Problem –
Using the entries below, copy exactly each line from the line with "Goobay 53882 LED-schijnwerper" up to and including the line with "Isabel | Cardigan", with every picture left out.

Listed records –
▼▼▼
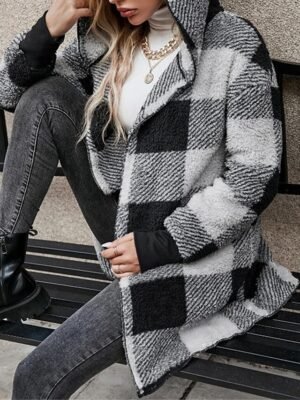 Casual Regular Stripes Plaid Open Front Long Sleeve Fleece Jacket - Image 10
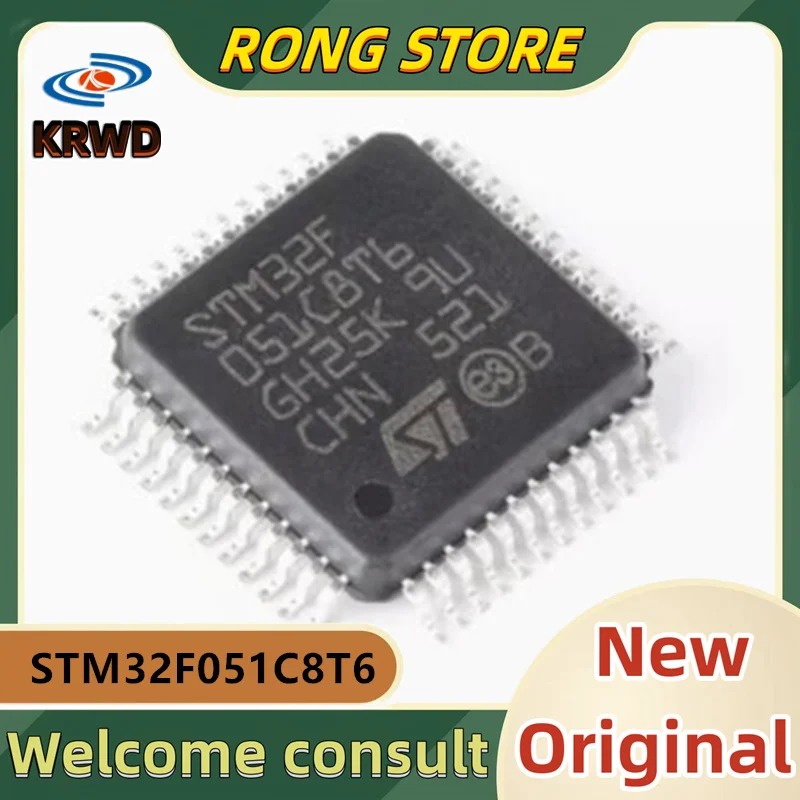 10PCS STM32F New and Original Chip IC STM32F051C8T6 STM32F051 LQFP48 STM microcontroller chip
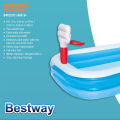 Bestway 54122 Basketball Inflatable Play Swimming Pool 8 Ft For Kids 87 Inch Inflatable Rectangular Large Kids & Family Swimming Pool With Basketball Summer Season Pools Party With Inflatable Vinyl Deep Swimming Pool With Play Basketball Indoor Pool. 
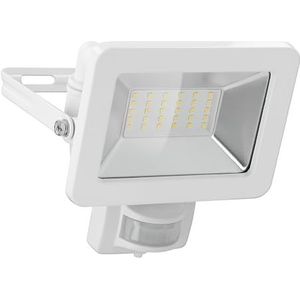 Goobay 53882 LED-schijnwerper met bewegingsmelder, LED-spot met 30 W, neutraal wit licht, 4000 K, 2560 lumen, stralingshoek 100 graden, beschermingsklasse IP65, wit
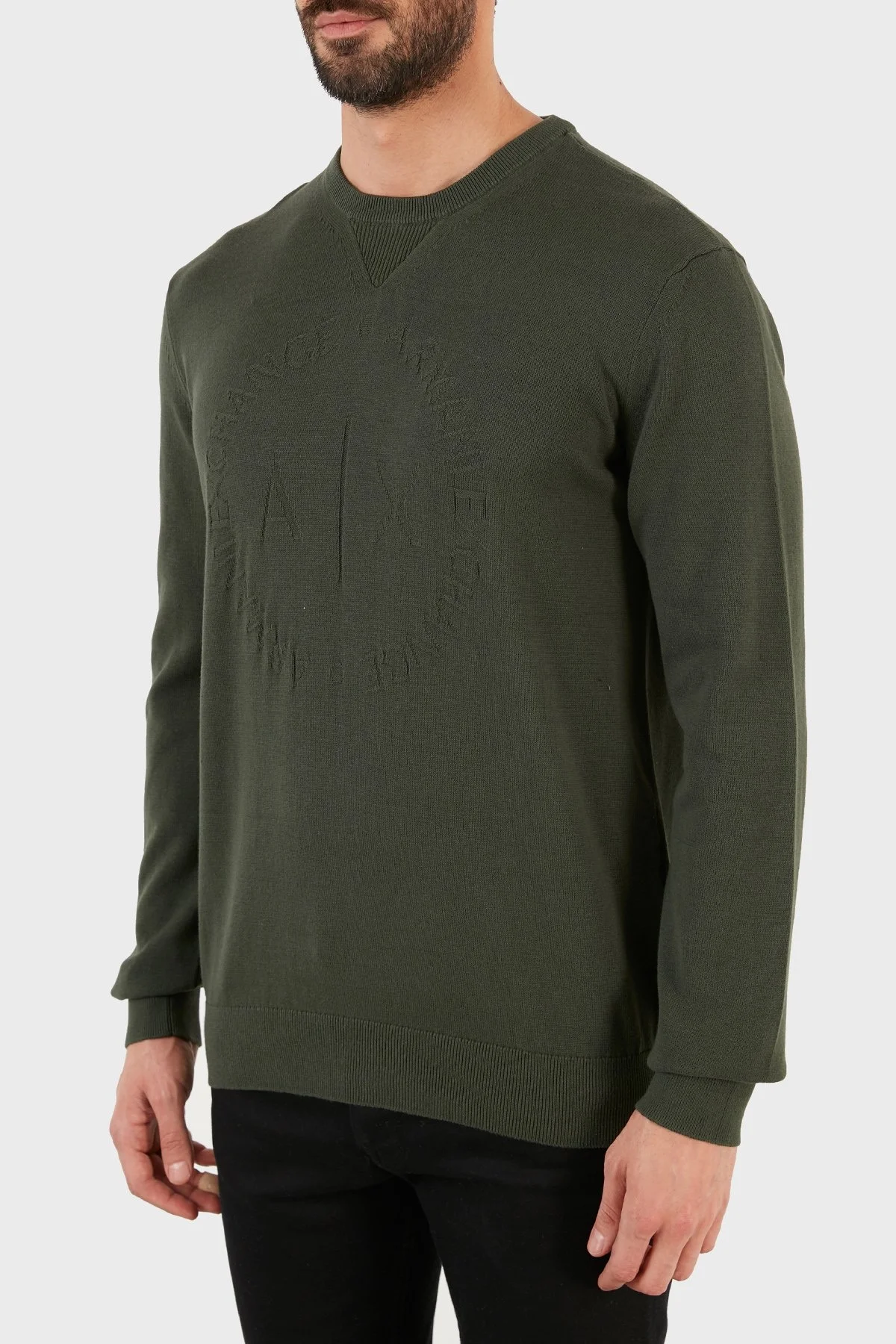 Armani Exchange Logolu % 100 Pamuk Bisiklet Yaka Regular Fit Erkek Kazak 8NZM3D ZM8CZ 1863 HAKİ - 7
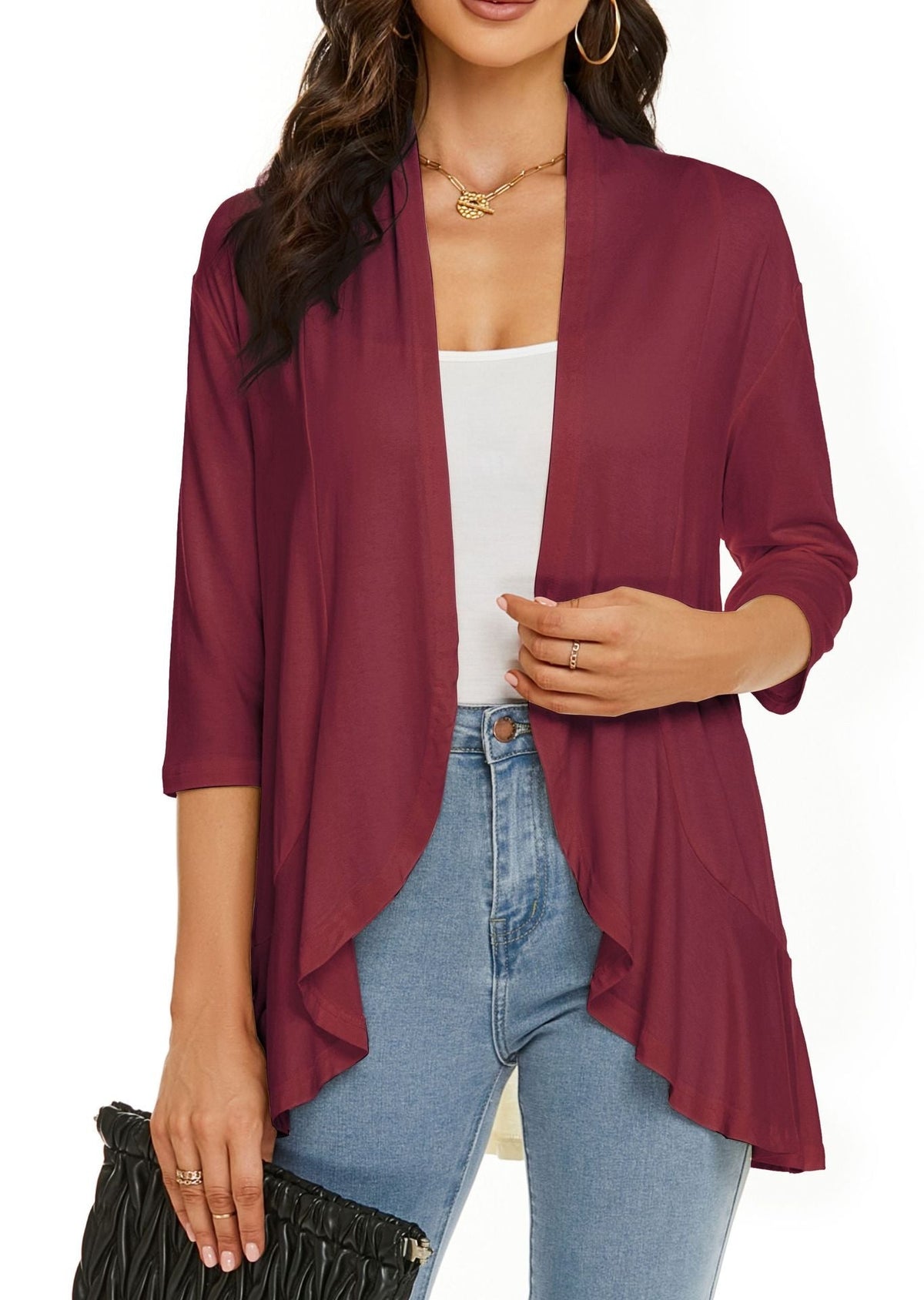 Isabel | Cardigan Frente Aberta Mulher Manga 3/4 Drapado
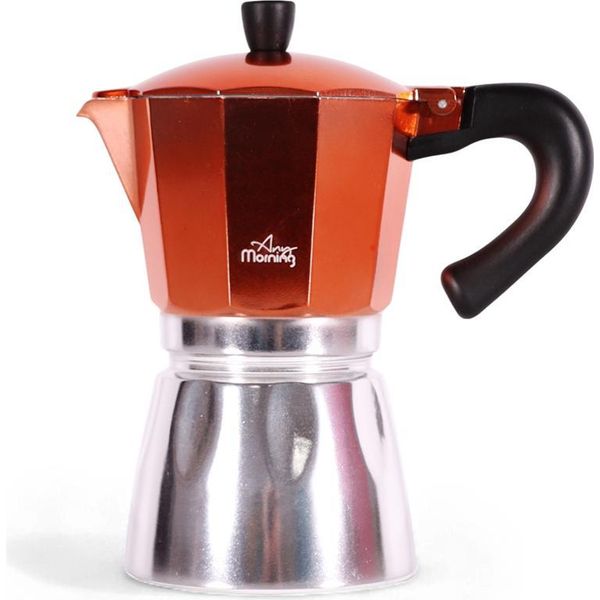 Caffettiera Espresso Da Cucina Any Morning, Caffettiera Italiana, Caffettiera Iconica In Alluminio Per Americano, Latte, Cappucino, Caffettiera Percolatrice Per Il Campeggio, 6 Tazze, 8 Oz, Color Rame-image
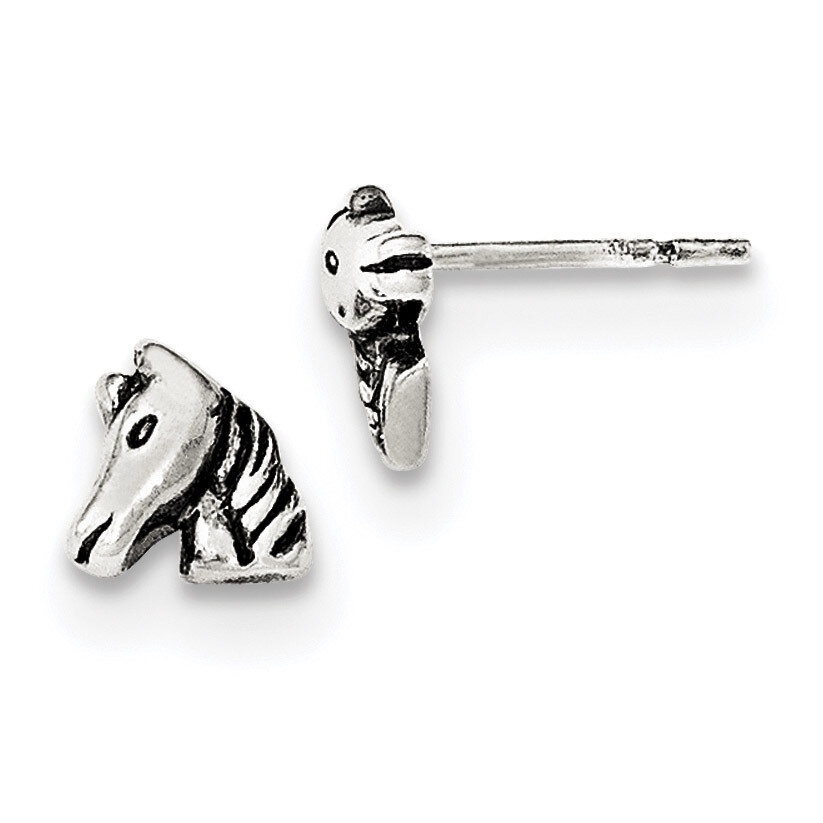 Horse Post Earrings Sterling Silver Polished and Antiqued QE11835
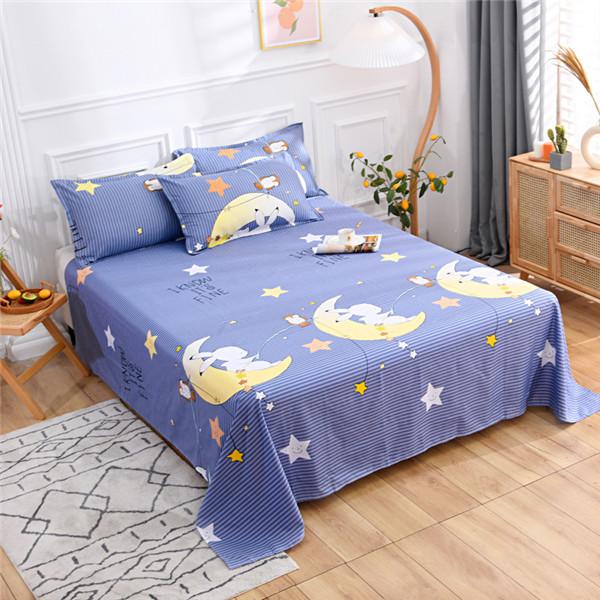 Bed Sheet Polyester Cotton Printed Fitted Sheet Bedding Flat Sheet Soft Breathable Bed Linens (No Pillowcases )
▲▲▲
Exercise response –
 Goobay 53882 LED-schijnwerper met bewegingsmelder, LED-spot met 30 W, neutraal wit licht, 4000 K, 2560 lumen, stralingshoek 100 graden, beschermingsklasse IP65, wit
 Armani Exchange Logolu % 100 Pamuk Bisiklet Yaka Regular Fit Erkek Kazak 8NZM3D ZM8CZ 1863 HAKİ - 7
 Isabel | Cardigan Frente Aberta Mulher Manga 3/4 Drapado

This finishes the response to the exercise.